4. Example use cases

As an example of who these other puzzle pieces can be in Loopring’s context — besides just an everyday user — think of DEX aggregators, and margin/lending protocols. Both these instances can cut both ways: wanting to pull/source liquidity from a Loopring exchange, and push/supply liquidity to a Loopring exchange.

DEX Aggregators have seen a strong surge in popularity over the past 6 months, with dapps such as 1inch, DEX.AG, Paraswap, and Totle offering swappers the best prices by aggregating liquidity and routing to the best rate.

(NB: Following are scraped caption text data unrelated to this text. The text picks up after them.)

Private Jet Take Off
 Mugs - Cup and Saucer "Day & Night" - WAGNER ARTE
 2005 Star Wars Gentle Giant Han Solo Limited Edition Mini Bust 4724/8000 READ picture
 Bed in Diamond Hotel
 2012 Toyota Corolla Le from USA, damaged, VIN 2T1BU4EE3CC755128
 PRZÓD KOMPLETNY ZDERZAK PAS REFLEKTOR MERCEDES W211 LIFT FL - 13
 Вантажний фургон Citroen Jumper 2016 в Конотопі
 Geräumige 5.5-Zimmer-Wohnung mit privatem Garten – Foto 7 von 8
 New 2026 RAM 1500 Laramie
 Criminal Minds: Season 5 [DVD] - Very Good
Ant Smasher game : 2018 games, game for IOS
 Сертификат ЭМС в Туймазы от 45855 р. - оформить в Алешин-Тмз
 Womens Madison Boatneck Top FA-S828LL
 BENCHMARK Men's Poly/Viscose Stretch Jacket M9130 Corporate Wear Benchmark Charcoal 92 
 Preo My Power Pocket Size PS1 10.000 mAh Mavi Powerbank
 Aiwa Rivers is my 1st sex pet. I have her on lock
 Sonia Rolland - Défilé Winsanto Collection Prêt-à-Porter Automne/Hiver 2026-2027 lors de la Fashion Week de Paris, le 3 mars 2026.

Right now they aggregate onchain sources (Uniswap, Kyber) but want to be able to source liquidity from layer 2 venues, such as a Loopring DEX. [Especially if layer 2 performance allows for spreads to compress, thus hosting the most competitive prices]. Conversely, a Loopring DEX may want to aggregate/include liquidity from these onchain sources as well, to bootstrap/supplement their order book's liquidity.

Margin/lending protocols are an important building block in open finance, allowing lenders to earn interest, and borrowers to access credit (and notably, margin trade). Similarly to the case with DEX aggregators, the protocols, such as bZx for example, would like to be able to pull from Loopring liquidity to fill their order objects’ needs when a user initiates a position. And again, Loopring would like their exchange users to access some of these protocols seamlessly & trustlessly from with their Loopring exchange accounts. A nice solution/workaround to this latter case is when the protocol’s output is a token itself, such as a ‘position token’, which can trivially be listed on a Loopring exchange as it is just an ERC20.

As a slight aside, composability can also be implemented “in bulk” for users of a specific Loopring exchange. For example, users’ funds locked into the exchange can be used collectively for certain DeFi opportunities. A DAO may be setup to manage the deposited funds, and vote to deploy these assets in a lending protocol, or for staking in some other network, etc. Indeed, a Loopring DAO will exist, and besides these DeFi decisions, will govern certain protocol parameters at large.

Thanks to our Chief Architect, Brecht, for writing much of this article.